Deputi Penindakan KPK, Karyoto, menyebut proses penahanan sedang diupayakan oleh KPK. Ia menambahkan target akhir Bulan Desember 2022 sudah mulai ada upaya paksa dari KPK.
Karyoto juga menyatakan KPK telah menetapkan enam orang tersangka dalam kasus ini. Akan tetapi, dia tak menyebutkan identitas para tersangka tersebut.
"Pada saatnya keenam tersangka akan upaya paksa mudah-mudahan sebelum tahun ini berakhir," kata Karyoto dalam konferensi pers di Gedung Merah Putih, Senin 5 Desember 2022.

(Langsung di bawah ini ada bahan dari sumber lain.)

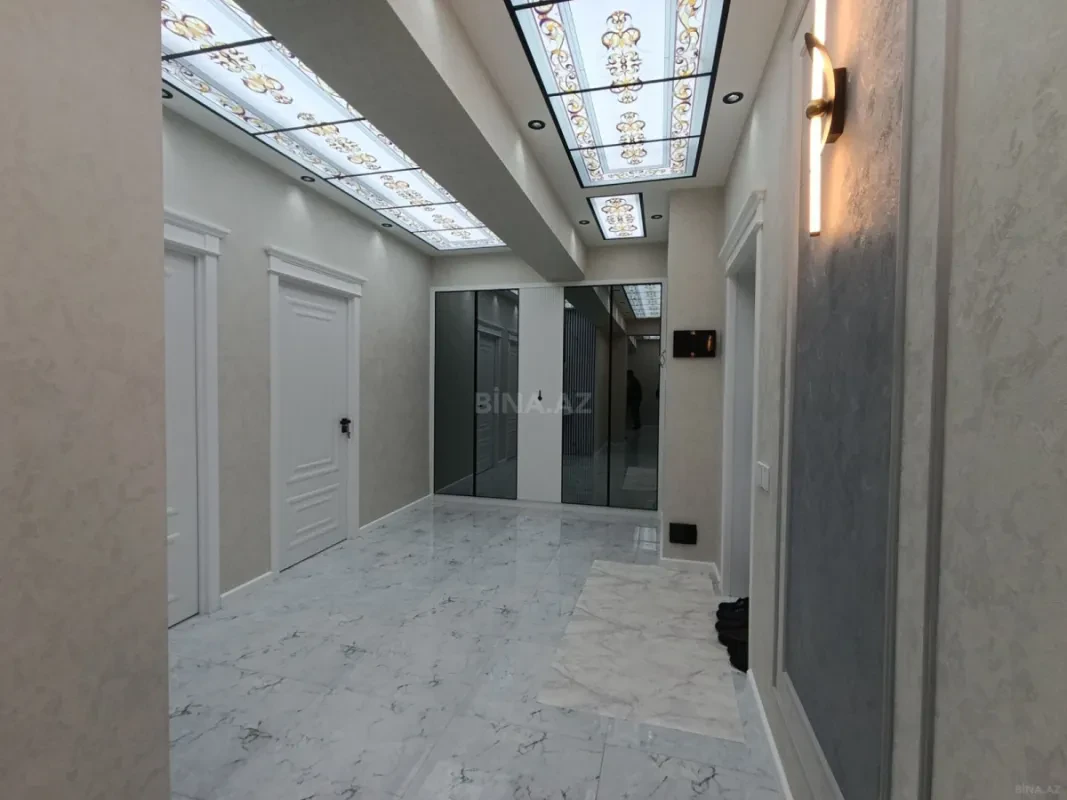 Satılır 4 otaqlı mənzil 153 m²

Rencana penahanan oleh KPK tersebut didasari agar para tersangka tidak dapat berpergian ke luar negeri. Mengingat batas waktu pencekalan yang hampir habis pada 8 Desember 2022 nanti.

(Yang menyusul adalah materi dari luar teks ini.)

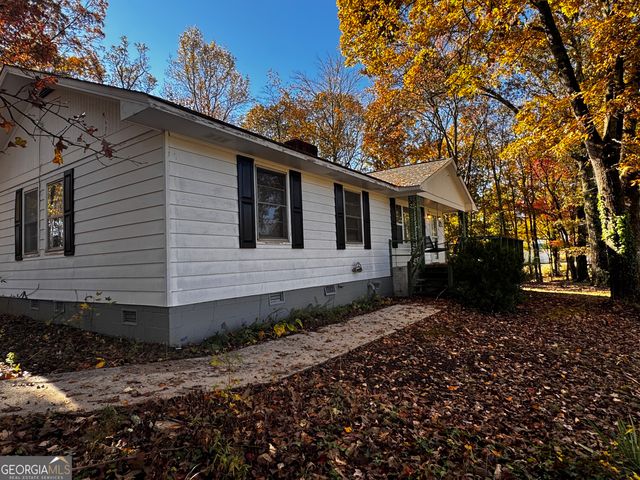 22 Ilene Drive, Cleveland, GA 30528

Koordinasi dengan BPK soal penghitungan kerugian negara
Karyoto juga menambahkan saat ini KPK masih terus berkoordinasi dengan Badan Pemeriksa Keuangan atau BPK soal penghitungan kerugian negara akibat korupsi tersebut.
"Koordinasi dengan BPK sudah mulai intens, kita hanya mengukur waktu pastinya keenam tersangka akan dilakukan upaya paksa," ujar dia.

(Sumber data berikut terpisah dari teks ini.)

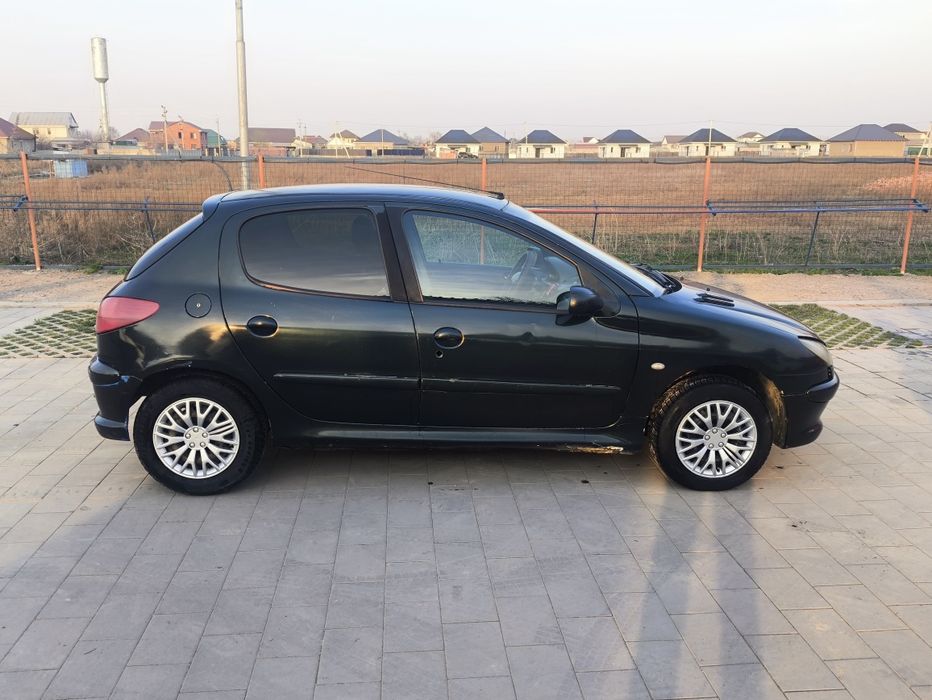 Peugeot 206 продам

Korupsi LNG diambilalih dari Kejaksaan Agung pada akhir 2021
KPK melakukan penelusuran terhadap kasus korupsi LNG PT Pertamina pada akhir 2021. Mereka mengambil alih kasus yang sebelumnya ditangani oleh Kejaksaan Agung tersebut.
Komisi Anti Rasuah hingga saat ini belum mengumumkan secara resmi siapa para tersangka yang telah mereka tetapkan. Akan tetapi, KPK telah mencekal empat orang dalam kasus ini.
Mereka adalah Mereka adalah Direktur Utama PT Pertamina periode 2009-2014 Karen Agustiawan; pelaksana tugas Direktur Utama Pertamina periode Februari 2017-Maret 2018, Yenny Andayani; mantan Direktur Gas PT Pertamina, Hari Karyulianto; dan putra Karen, Dimas Muhammad Aulia, yang bekerja sebagai trader di PPT Energy Trading Co Ltd.
Selain Karen, sejumlah petinggi PT Pertamina lainnya telah diperiksa oleh KPK. Mereka diantaranya adalah mantan Direktur Utama Pertamina, Dwi Seotjipto; mantan Direktur Utama PT Perusahaan Listrik Negara, Nur Pamudji; dan Direktur Sumber Daya Manusia dan Penunjang Bisnis Pertamina Patra Niaga Isabella Hutahaean.
BPK dan lembaga audit asal Inggris, PricewaterhouseCooper mempermasalahkan pembelian LNG dari perusahaan asal Amerika Serikat Corpus Christi yang kontraknya ditandatangani pada periode 2013-2015. Mereka menilai pengadaan LNG oleh Pertamina bermasalah karena tidak memiliki analisis supply and demand yang valid.
Alhasil, Pertamina mengalami supply LNG berlebihan dan harus menjualnya ke lantai bursa di bawah harga beli. Penjualan LNG itu dilakukan melalui PPT Energy Trading Co Ltd, anak perusahaan PPT Energy Trading Tokyo yang 50 persen sahamnya dimiliki Pertamina.
Perusahaan plat merah itu pun disebut merugi ratusan miliar akibat korupsi LNG tersebut.